Un occhio alla Francia
Nanni Moretti è Nanni Moretti. Tagliente, all’umor nero, narciso, intellettualistico. Ai francesi piace moltissimo. Questa volta esce con un film che è pure un musical circense, ovviamente con puntute analisi socio-politiche. Lui è un regista con decenni di matrimonio con la sua produttrice Margherita Buy, che per la prima volta non produce un film del marito ma un poliziesco che va di moda (contestatissimo dal marito invadente in scene divertenti di ciak infiniti). Lui sta girando un film impegnato proprio ambientato nel periodo della invasione russa in Ungheria nel ’56, un evento che mette in crisi il buon pasticcere Silvio Orlando e l’attrice Barbara Bobulova – che contesta liberamente sia il regista che la pavidità dei comunisti italiani di fronte alla Russia. In più, è arrivato a Roma – bella di notte sempre come piace a Moretti – un circo ungherese che si ribella alla invasione russa. Confusione tra il pubblico e il privato: già, perché la moglie è stanca di un marito egocentrico e nevrotico, la figlia giovane vuol sposare un polacco anziano (Jerzy Sthur) e lui si ritrova solo e spiazzato sia nel privato che nel suo film che Netflix rifiuta.
Un lavoro complesso, come si nota, dagli infiniti dettagli, molto parlato (da Moretti), molto cantato con belle canzoni italiane, animato, vivace e ben interpretato. Sfilano le autocitazioni – la piscina di Palombella rossa –, le accuse al cinema attuale violento, l’ironia su Netflix e affini, e in verità una malinconia per il cinema che fu, per la solitudine profonda di chi fa cinema sul serio; ma anche dell’uomo d’oggi, troppo preso da sé stesso, dimenticando cosa sia l’amore, sino al finale inedito.

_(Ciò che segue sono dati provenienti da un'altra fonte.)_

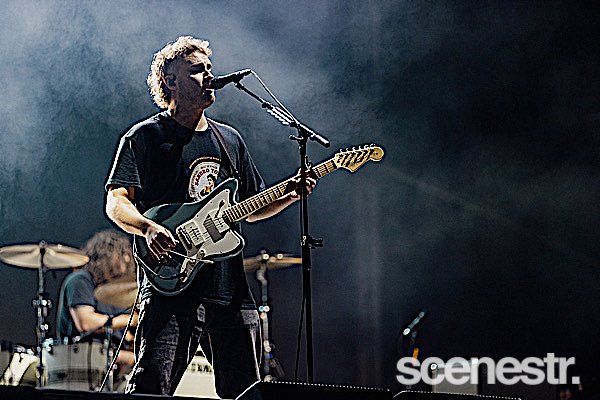 Photos: 2023 Splendour In The Grass Day Two - North Byron Parklands - 22 July, 2023
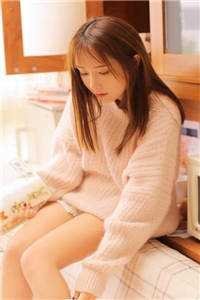 抄诗被发现？他来替我解围已完结版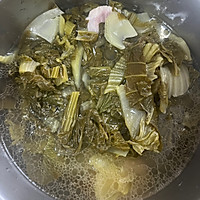 廨˵ͼƬ4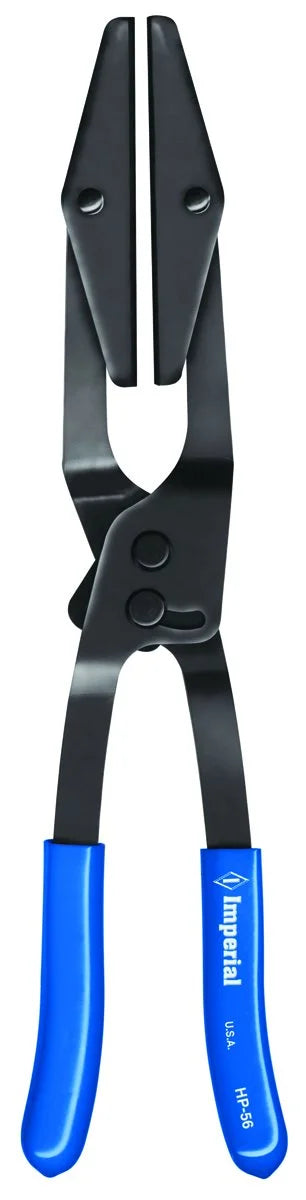 Imperial Tool HP54 Kwik-Vise Hose Pinch-Off Pliers
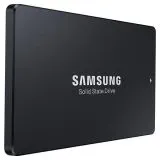 Накопитель SSD 480Gb Samsung PM883 OEM (MZ7LH480HAHQ-00005)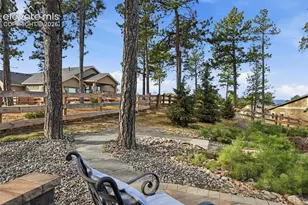 1765 Summerglow Ln, Monument, CO 80132 - Photo 3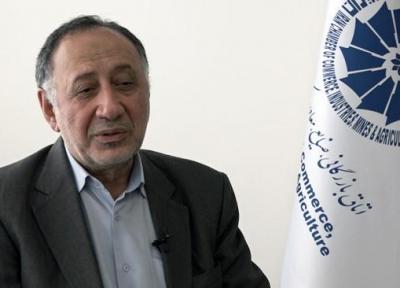 طرح مثلث توسعه مالی استان خراسان با مشارکت جامعه نیکوکاری ابرار اجرا می گردد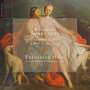 Domenico Scarlatti: Cembalosonaten "13 Sonates du Libro 3 de 1753", CD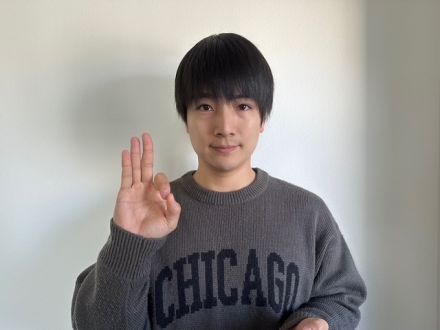 2026年2月9日（月）ON AIR! 　今週は、田中ひろみ著「大人も知らない？　仏像のふしぎ事典」を４日間に渡ってプレゼンします。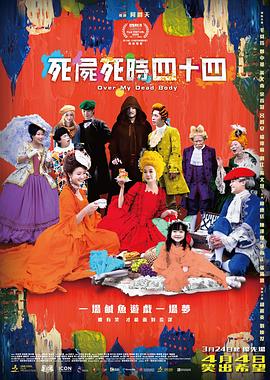 少妇鼓鼓的奶水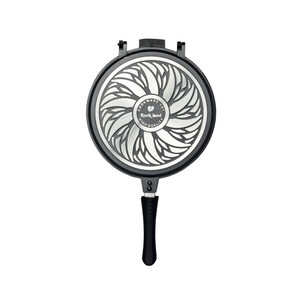 سرویس پخت و پز 18 پارچه راکلند مدل تمیس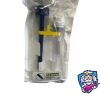 COVIDIEN NONB15LGF VersaOne Bladeless Trocar 15mm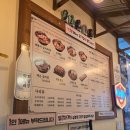 남도의 향기 이미지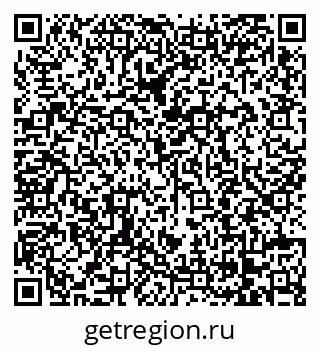 79068202141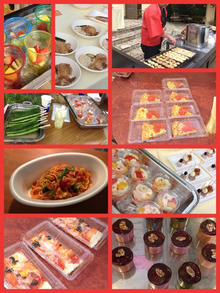 $～ウェディングスタッフ日記～　エスポワール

Film autobiografico a ben vedere, sotto la coltre della intelligenza e della ironia.
Siamo in Francia nel film di Cedric Jimenez Novembre. Jean Dujardin è il protagonista di un thriller dove si dà la caccia al killer islamico dell’attacco al Bataclàn parigino del 2015, con l’attentato in cui morirono 97 persone. Il film è bello, scarno, azione pura ma non meccanica, con l’occhio puntato alla necessaria freddezza psicologica richiesta ai poliziotti impegnati nella caccia, tutt’altro che facile. La squadra speciale di questi cacciatori deve fare i conti con sorprese, cambi di scena, le varie anime dell’Islam, gli ostacoli personali e sociali; che la storia racconta senza difficoltà perché il ritmo è preciso, scandito, e non lascia all’emozione se non il minimo spazio indispensabile. Un’occasione da non perdere di un thriller poliziesco una volta tanto non americano e girato con intelligenza, ben scritto, e di una freddezza che fa bene e fa pensare.